* YOUR INSTRUCTIONS: Under this line are the records; write out word for word the part that begins at the line containing "Blue and white Bardiglio" and ends at the line containing "From Autumn To", and no more.

* Caption-style text data:
---+---

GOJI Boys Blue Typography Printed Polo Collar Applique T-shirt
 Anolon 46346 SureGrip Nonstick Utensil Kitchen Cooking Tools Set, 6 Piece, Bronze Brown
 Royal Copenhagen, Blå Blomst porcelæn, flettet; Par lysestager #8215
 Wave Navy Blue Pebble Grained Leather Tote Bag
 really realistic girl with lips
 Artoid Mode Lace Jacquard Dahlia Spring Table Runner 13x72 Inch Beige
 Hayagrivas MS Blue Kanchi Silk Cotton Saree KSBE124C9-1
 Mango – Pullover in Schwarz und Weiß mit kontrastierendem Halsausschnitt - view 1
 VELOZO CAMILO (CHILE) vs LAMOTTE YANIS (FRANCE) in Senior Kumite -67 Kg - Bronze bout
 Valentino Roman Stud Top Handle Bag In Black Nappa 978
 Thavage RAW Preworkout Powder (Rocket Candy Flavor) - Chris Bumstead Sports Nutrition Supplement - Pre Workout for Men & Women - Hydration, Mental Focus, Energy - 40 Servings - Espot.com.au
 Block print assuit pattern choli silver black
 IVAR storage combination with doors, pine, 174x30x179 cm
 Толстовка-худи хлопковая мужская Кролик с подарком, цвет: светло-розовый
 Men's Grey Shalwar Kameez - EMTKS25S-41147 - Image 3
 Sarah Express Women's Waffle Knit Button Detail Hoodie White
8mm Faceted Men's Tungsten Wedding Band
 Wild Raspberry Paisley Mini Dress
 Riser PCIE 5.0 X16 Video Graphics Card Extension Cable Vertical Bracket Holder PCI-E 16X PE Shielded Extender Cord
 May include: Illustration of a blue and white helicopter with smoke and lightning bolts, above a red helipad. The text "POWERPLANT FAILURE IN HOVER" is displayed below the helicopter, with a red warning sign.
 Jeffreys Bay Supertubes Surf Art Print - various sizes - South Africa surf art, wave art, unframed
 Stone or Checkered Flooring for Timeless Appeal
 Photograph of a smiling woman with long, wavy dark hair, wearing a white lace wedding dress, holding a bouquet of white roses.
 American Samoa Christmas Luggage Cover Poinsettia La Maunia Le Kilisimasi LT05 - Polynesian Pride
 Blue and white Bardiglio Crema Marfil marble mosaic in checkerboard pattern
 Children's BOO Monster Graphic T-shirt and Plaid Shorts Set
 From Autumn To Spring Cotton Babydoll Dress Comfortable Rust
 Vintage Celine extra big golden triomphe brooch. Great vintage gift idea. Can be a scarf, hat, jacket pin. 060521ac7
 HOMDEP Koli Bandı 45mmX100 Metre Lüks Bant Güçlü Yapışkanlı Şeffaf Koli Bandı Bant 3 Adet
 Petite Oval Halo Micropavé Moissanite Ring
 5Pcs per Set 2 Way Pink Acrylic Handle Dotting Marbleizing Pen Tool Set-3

---+---

* RESPONSE:
 Blue and white Bardiglio Crema Marfil marble mosaic in checkerboard pattern
 Children's BOO Monster Graphic T-shirt and Plaid Shorts Set
 From Autumn To Spring Cotton Babydoll Dress Comfortable Rust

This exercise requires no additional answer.